Once a job is cancelled, the snapshot for the job is lost and the job can't be resumed. Cancelled jobs will have the "failed" status.
Auto-scaling
By default, Jet jobs scale up and down automatically when you add or remove a cluster node. To rescale a job, Jet must restart it. You can find an in-depth explanation of Jet's fault tolerance design in the Architecture section.
When auto-scaling is off and you add a new node to a cluster, the job will keep running on the previous nodes but not on the new one. However, if the job restarts for whatever reason, Jet will automatically scale it to the whole cluster.
The exact behavior of what happens when a node joins or leaves depends on whether a job is configured with a processing guarantee and with auto-scaling. The table below shows the behavior of a job after a cluster change depending on these two settings.

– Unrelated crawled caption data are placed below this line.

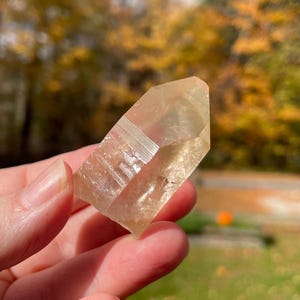 May include: A clear, light amber crystal point is held. The crystal has a faceted, geometric shape with a slightly rough texture. The background is blurred, showing autumn foliage in shades of yellow and green.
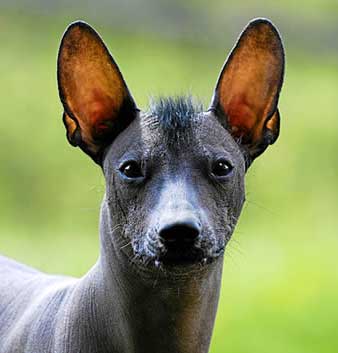 Xolo-dog-bat-like-ears.jpg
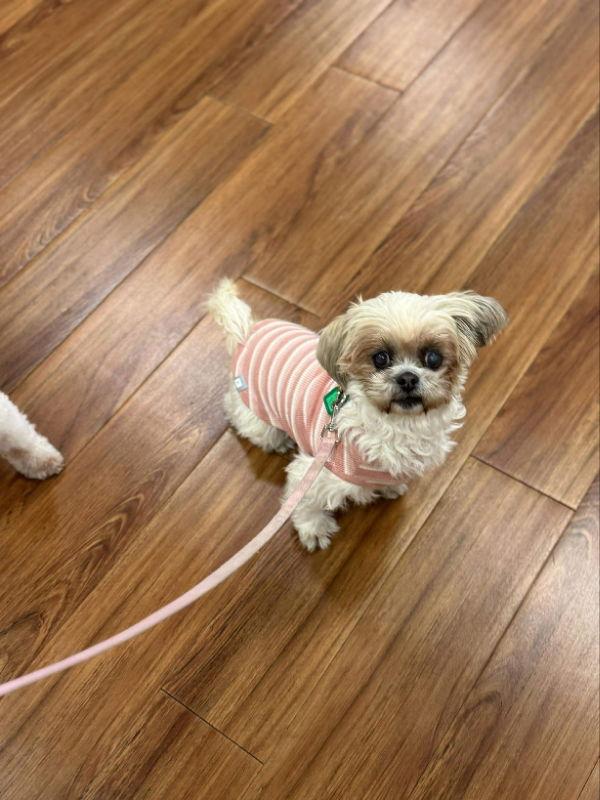 Enlarge Tabitha, a Adoptable mixed breed in Mukwonago, WI image 3/3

Auto-Scaling Setting | Processing Guarantee Setting | Member Added | Member Removed |
---|---|---|---|
enabled (default) | any setting | restart after a delay | restart immediately |
disabled | none | keep job running on old members | fail job |
disabled | at-least-once or exactly-once | keep job running on old members | suspend job |
Suspending and Resuming
Jet supports manually suspending and resuming a streaming job in a fault-tolerant way. The job must be configured with a processing guarantee.

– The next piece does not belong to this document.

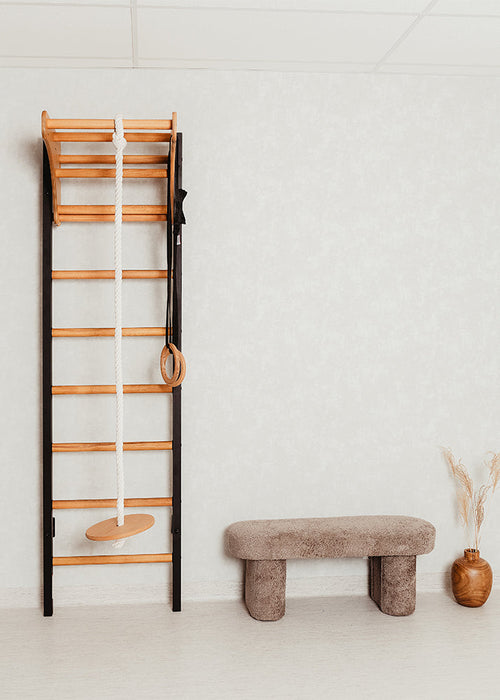 BenchK 211 Black wall bars and gymnastic rings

When a job is suspended, all the metadata about the job is still kept in the cluster. A snapshot of the job computational state is taken during a suspend operation and then on a resume the job is gracefully started from the same snapshot.
Suspending and resuming can be useful for example when you need to perform maintenance on a data source or sink without disrupting a running job.
Use the suspend <job_name_or_id>
and resume <job_name_or_id>
commands to suspend and resume jobs:
$ bin/jet suspend hello-world
Suspending job id=0401-9f77-b9c0-0001, name=hello-world, submissionTime=2020-03-07T15:59:49.234...
Job suspended.
$ bin/jet resume hello-world
Resuming job id=0401-9f77-b9c0-0001, name=hello-world, submissionTime=2020-03-07T15:59:49.234...
Job resumed.
You can also configure a job to be suspended automatically if its execution fails (see `JobConfig.setSuspendOnFailure).
Restarting
It's also possible to simply restart a job without suspending and
resuming in one step. This can be useful when you want to have
finer-grained control on when the job should be scaled. For example, if
you have auto-scaling off and are adding 3 nodes to a cluster you can
manually restart at the desired point to have the jobs utilizing all of
the new nodes. This can be achieved with the restart <job_name_or_id>
command, just as in the other examples above.